Body language expert: How to avoid family fall-outs on Christmas Day so that everyone has a good time

There's so much expectation to have a great time at family gatherings on Christmas Day. People invariably crumble and drink or say too much. Here's how to avoid that this year.

By Karyn Henger and Lana Byrne
There's nothing like Christmas Day with the family to bring out the worst in us.
We've just spent the entire month of December meeting crazy deadlines at work, braving heaving malls to shop for gifts and attending multiple end-of-year functions (in the case of parents, we've had to 'bring a plate' to every one). We might also have been involved in family negotiations over who's hosting Christmas this year and what the Christmas Day menu will look like. So we're already feeling wrung out and exhausted, and possibly a little put out if negotiations didn't go our way.

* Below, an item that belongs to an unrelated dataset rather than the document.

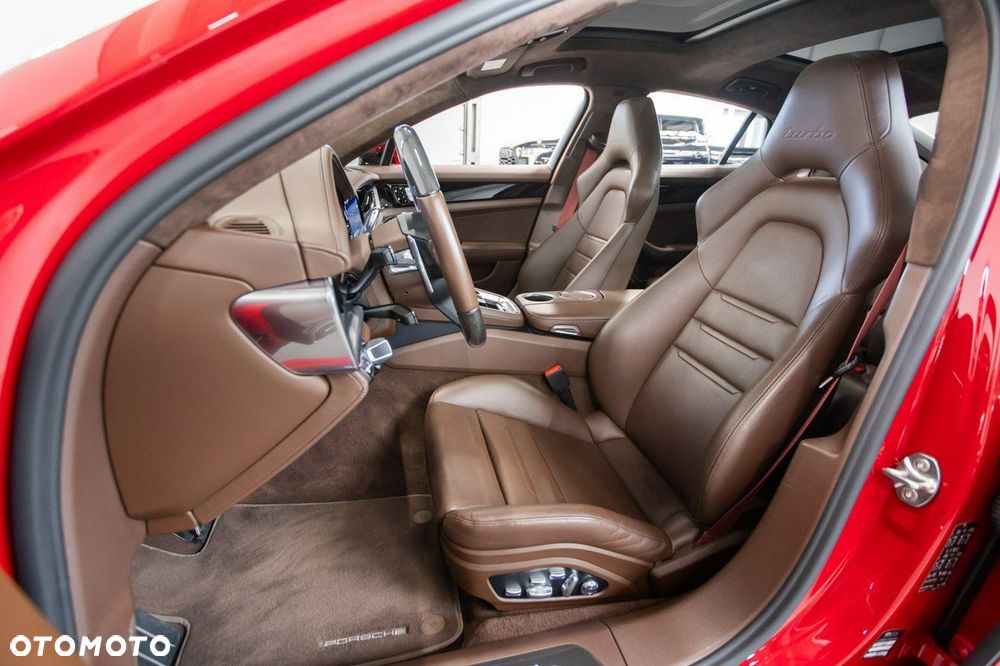 Porsche Panamera Turbo - 25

Then there's so much expectation placed around everybody having a great time on Christmas Day. People invariably crumble under the pressure and either drink too much or say too much - often both.
Body language expert Suzanne Masefield suggests in the video above that instead of bracing yourself for a terrible time this Christmas, turn things around by thinking in advance about how you'd like to behave and taking charge of your emotions.

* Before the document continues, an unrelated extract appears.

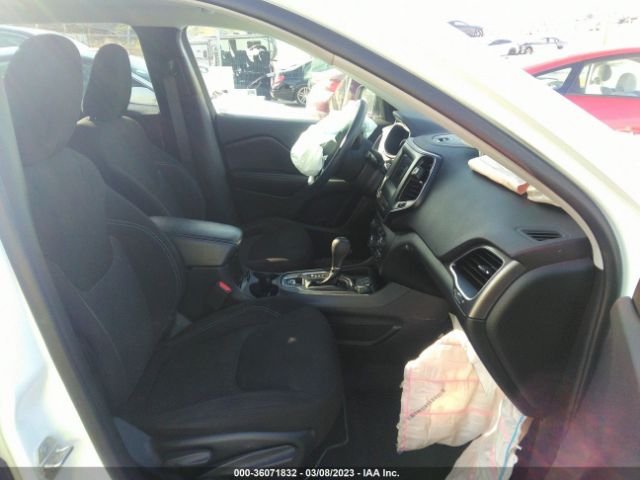 1C4PJLCB2KD340546 Jeep Cherokee Latitude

"Rather than Christmas being about dealing with difficult people make it about managing yourself," she says.
Identify your triggers, she suggests - for example, the things relatives say every year that grate you - then identify where you feel that in your body and "press pause".
"We often go into fight or flight mode when triggered," she explains.
We can also revert to childhood behaviours when we're around certain relatives, especially if we've always found those relatives to be dominant.
"Think about how your 40-year-old self would handle this, as opposed to your 15-year-old self," Masefield suggests.
If there's an elephant in the room pick your time and place to address it, she suggests. That could mean taking somebody aside for a stroll, and it always means keeping your cool.
Monitor your drinking, she suggests. And remember to smile and keep your body language open.
"This will lower your cortisol levels and increase your testosterone levels, which is your confidence hormone."
Follow these simple rules and this could be your best Christmas yet.